--- EXTRACTED DATA ---

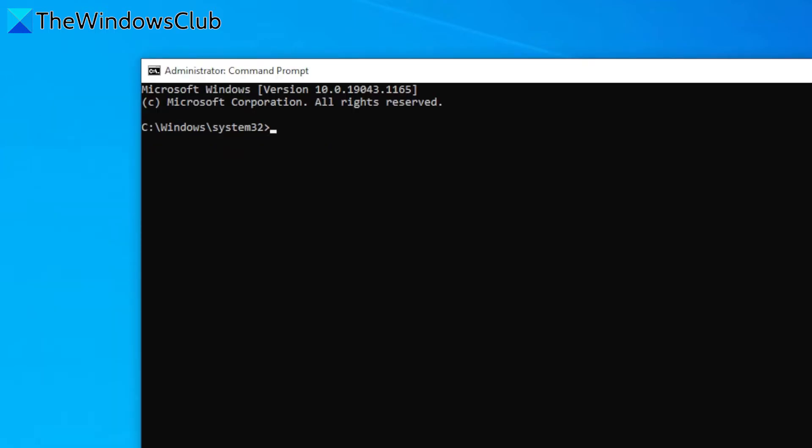And if you were dealing with something, say IP security, then you would type in regsvr32 space ipsecsnp.dll and hit enter.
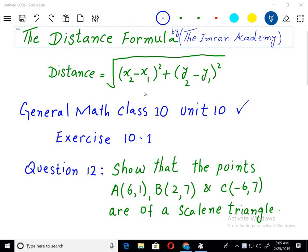Welcome to the Embraan Academy. I am discussing with you General Mathematics of 10th Class Punjab Textbook for Lahore, Unit 10, Exercise 10.1. The name of the unit is Introduction to Coordinate Geometry, and here we have the distance formula and its application.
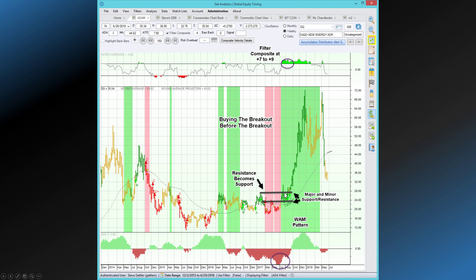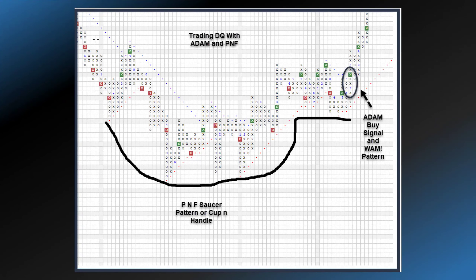Let's look at where the actual buy signal occurred within our ATOM world as opposed to Point and Figure. Here we have a Point and Figure chart. This chart showed a pattern called a cup and saucer pattern — sometimes called cup and handle — which is basically a rounding bottom, then a consolidation period followed by a breakout, and price goes to new highs. The ATOM buy signal came right here. The Point and Figure buy signal would come right up there. So this is another example where Point and Figure's breakout comes after ATOM says to buy — buying the breakout before the breakout.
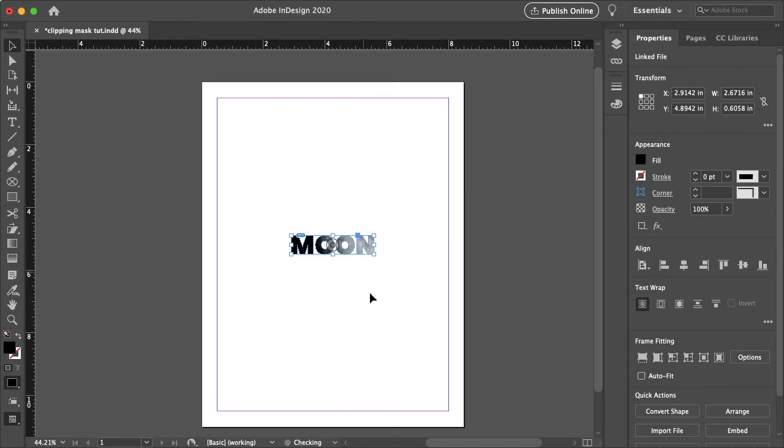So yeah, that is how you create a clipping mask in InDesign. I hope this video helped. If it did, please hit subscribe and follow us on all of our social media to stay connected and never miss a new tutorial. Thanks for watching, and I'll see you in the next video.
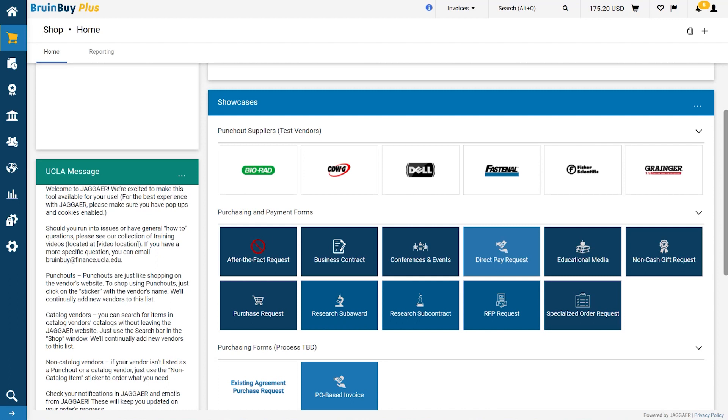The form request sections are UCLA custom-built templates that help guide your purchasing needs. For example, if you're looking to buy an item that you cannot find in your punch-out supplier's catalog or in your product search, you would want to use the purchase request form.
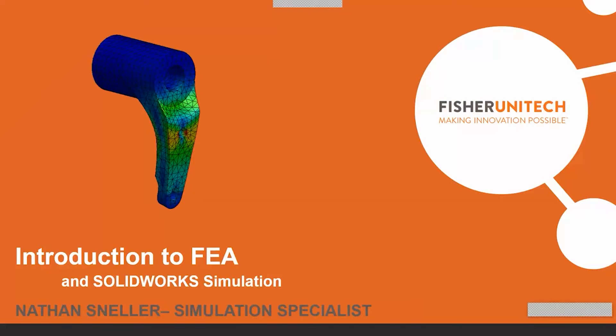Hello everyone, thanks for coming. Today we're going to cover an introduction to FEA in SOLIDWORKS Simulation.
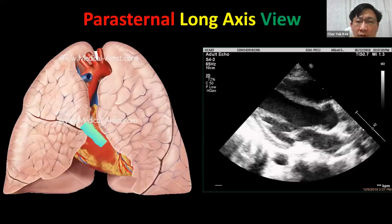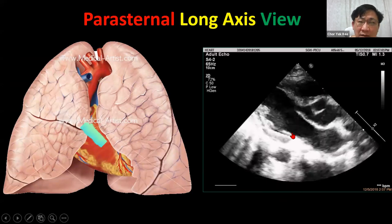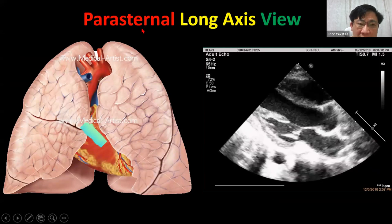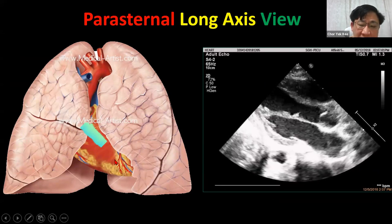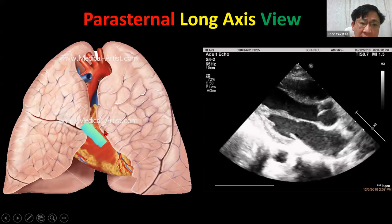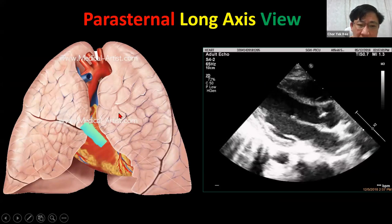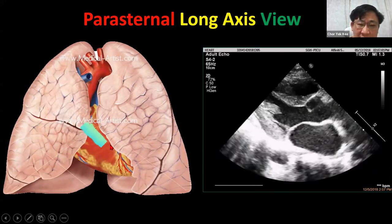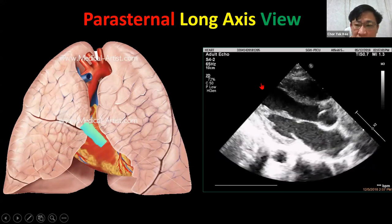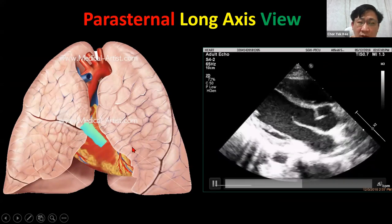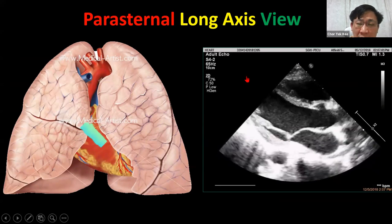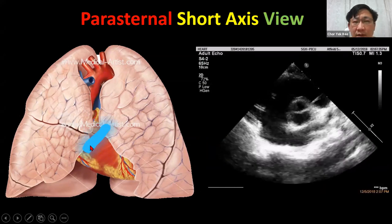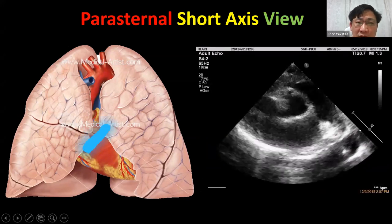Now let's talk about the views. This is what we call the parasternal long axis view. It is parasternal because it's beside the sternum. It is long axis because it follows the axis of the heart. When you turn the probe 90 degrees, you get the parasternal short axis view.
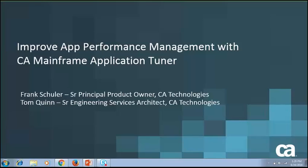Hello, my name is Frank Schuler, and I'm the product owner for CA Mainframe Application Tuner. We're here today to talk about how to improve application performance management utilizing CA Mainframe Application Tuner, or MAT.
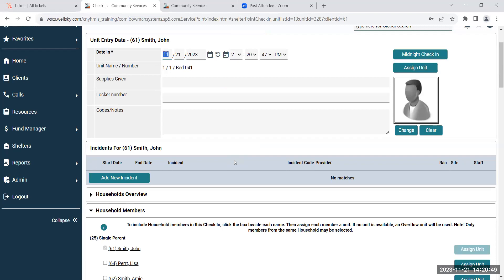Then you'll click on the green plus sign to now check the client in. So up at the top here, the date in. If the date in is not the date that pops up, which will be today's date, it'll auto-populate for you. You're going to want to go in and change that date to the date that you actually check the client in.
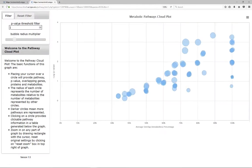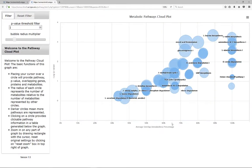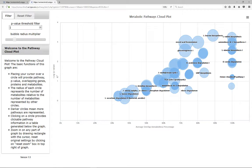In the pathway cloud plot, the percentage of overlapping metabolites is on the x-axis and the negative log p-value is on the y-axis. Each metabolic pathway is represented as a circle in the plot. The radius of each circle represents the relative number of metabolites observed for a given pathway.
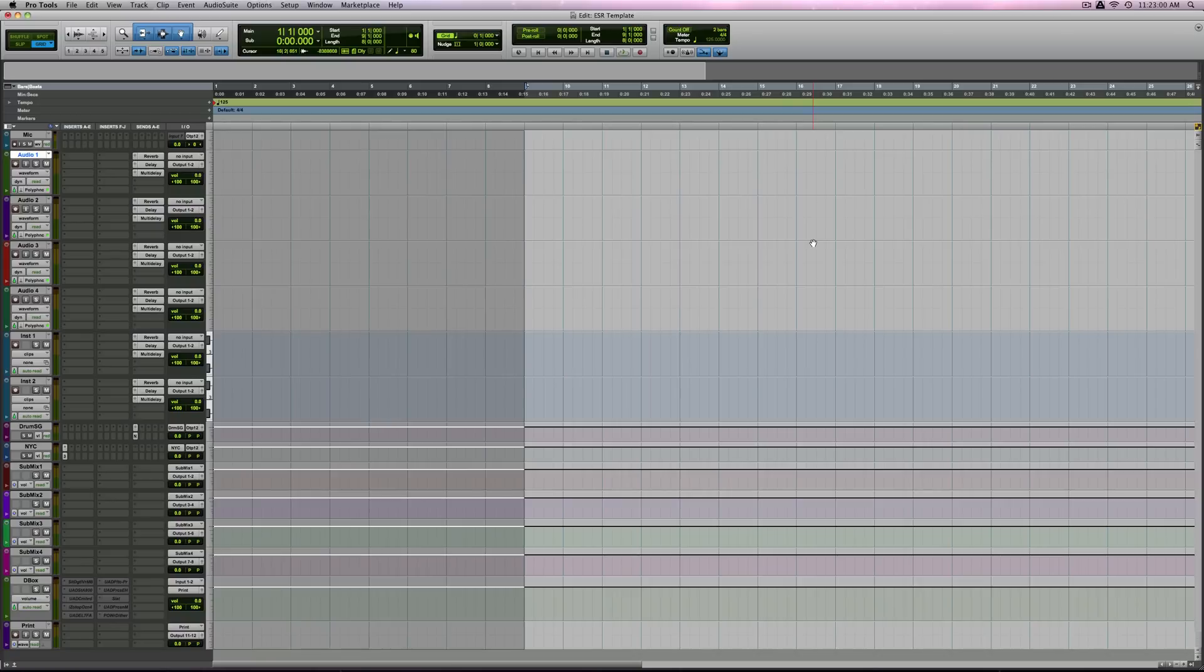Three, two, one. Right, Pro Tools 10. Just want to show you Boom.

--- ASSIGNMENT ---
Only lines belong in the copy: transcribe those from the start of the data through the line that contains "Welcome to the", and skip the pictures.

--- RESPONSE AREA ---
And if you were dealing with something, say IP security, then you would type in regsvr32 space ipsecsnp.dll and hit enter.
Welcome to the Embraan Academy. I am discussing with you General Mathematics of 10th Class Punjab Textbook for Lahore, Unit 10, Exercise 10.1. The name of the unit is Introduction to Coordinate Geometry, and here we have the distance formula and its application.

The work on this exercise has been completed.